Problem description: An exact copy of every record below is needed, with the pictures left out.

Pictures with short captions:
##########

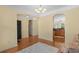 Open dining area with hardwood floors and archways to living areas, creating a bright and inviting space at 908 Oglethorpe Dr., Conway, SC 29527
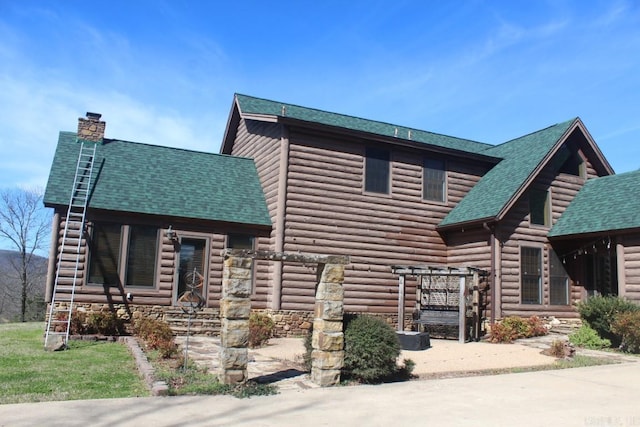 view of log home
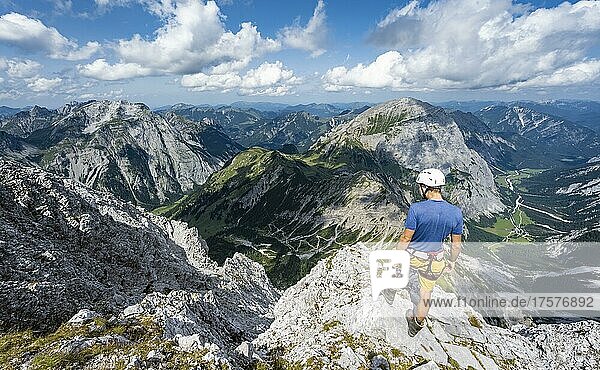 Hikers at the summit of the Lamsenspitze  view into the Falthurntal valley with Sonnjoch peak  Karwendel Mountains  Alpenpark Karwendel  Tyrol  Austria  Europe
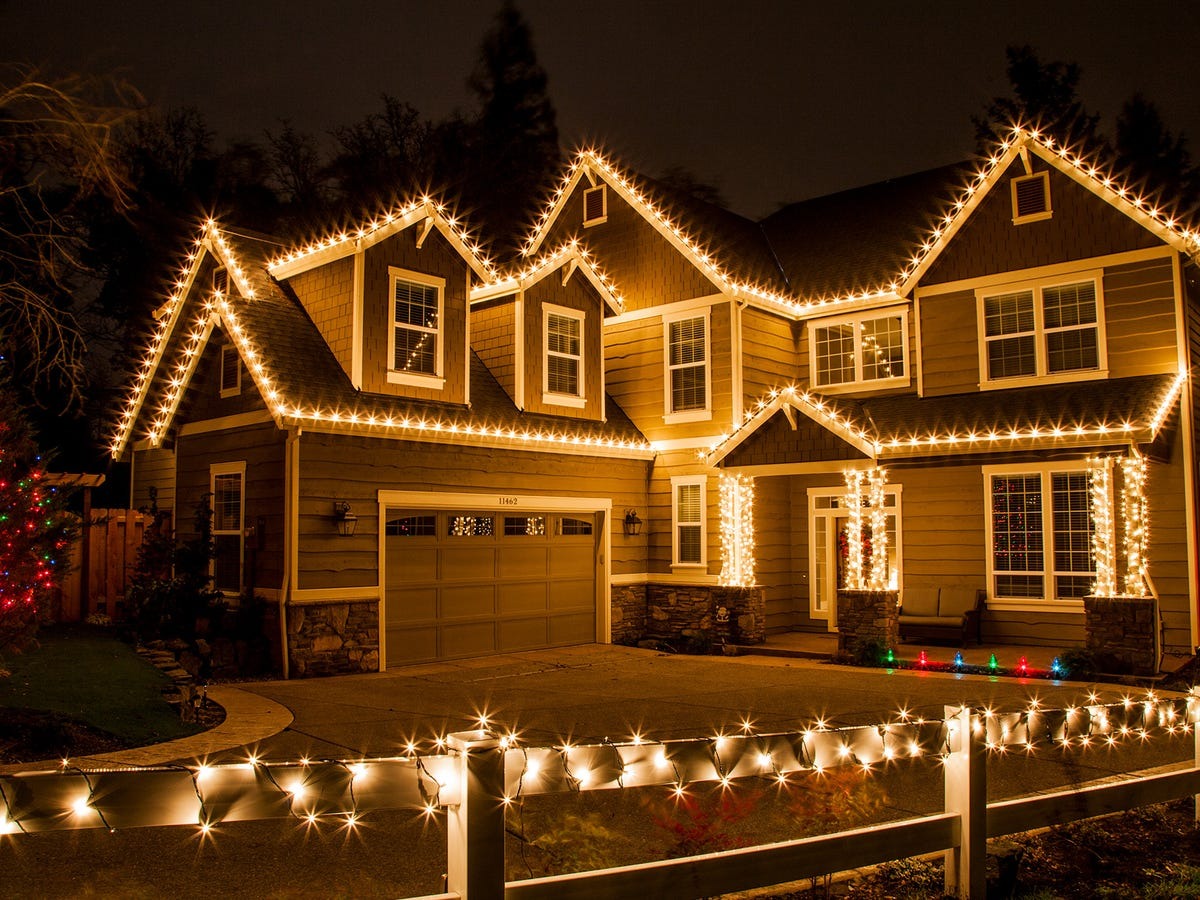 Winter home exterior with holiday lights in an Austin suburb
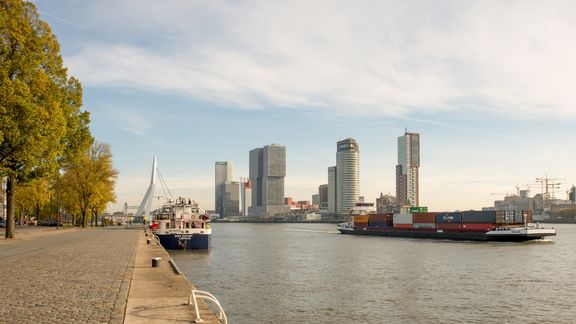Binnenvaartschip met de skyline van Rotterdam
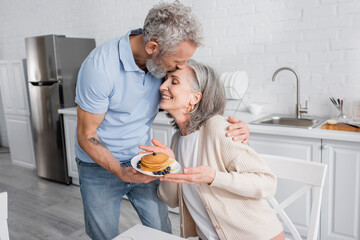 Mature man kissing smiling wife with tasty pancakes in kitchen.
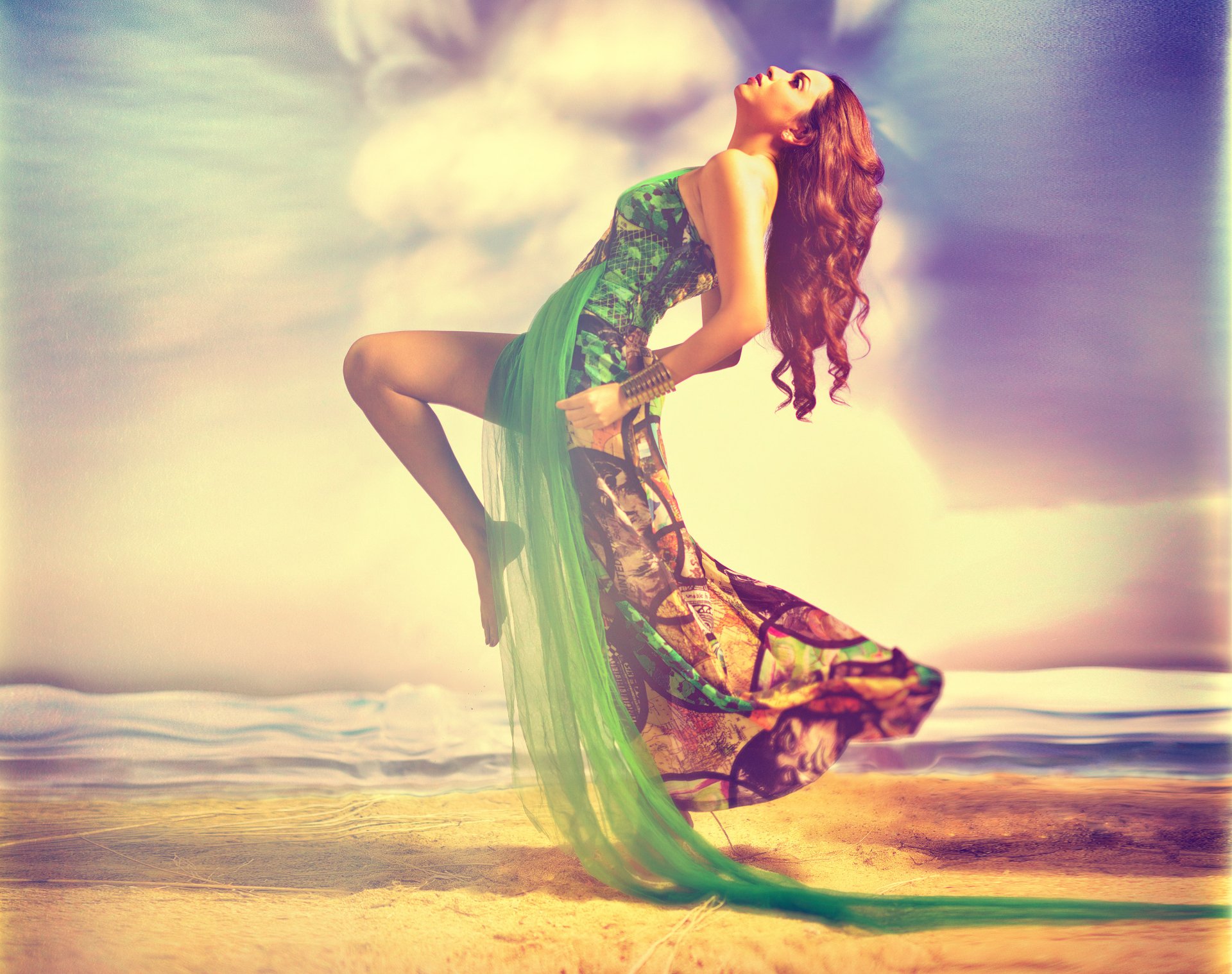 2K Quad HD desktop wallpaper showing an Indian woman in a flowing green dress leaping on a sunlit beach, warm pastel sky and gentle waves in the background.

##########

Expected answer:
 Open dining area with hardwood floors and archways to living areas, creating a bright and inviting space at 908 Oglethorpe Dr., Conway, SC 29527
 view of log home
 Hikers at the summit of the Lamsenspitze  view into the Falthurntal valley with Sonnjoch peak  Karwendel Mountains  Alpenpark Karwendel  Tyrol  Austria  Europe
 Winter home exterior with holiday lights in an Austin suburb
Binnenvaartschip met de skyline van Rotterdam
 Mature man kissing smiling wife with tasty pancakes in kitchen.
 2K Quad HD desktop wallpaper showing an Indian woman in a flowing green dress leaping on a sunlit beach, warm pastel sky and gentle waves in the background.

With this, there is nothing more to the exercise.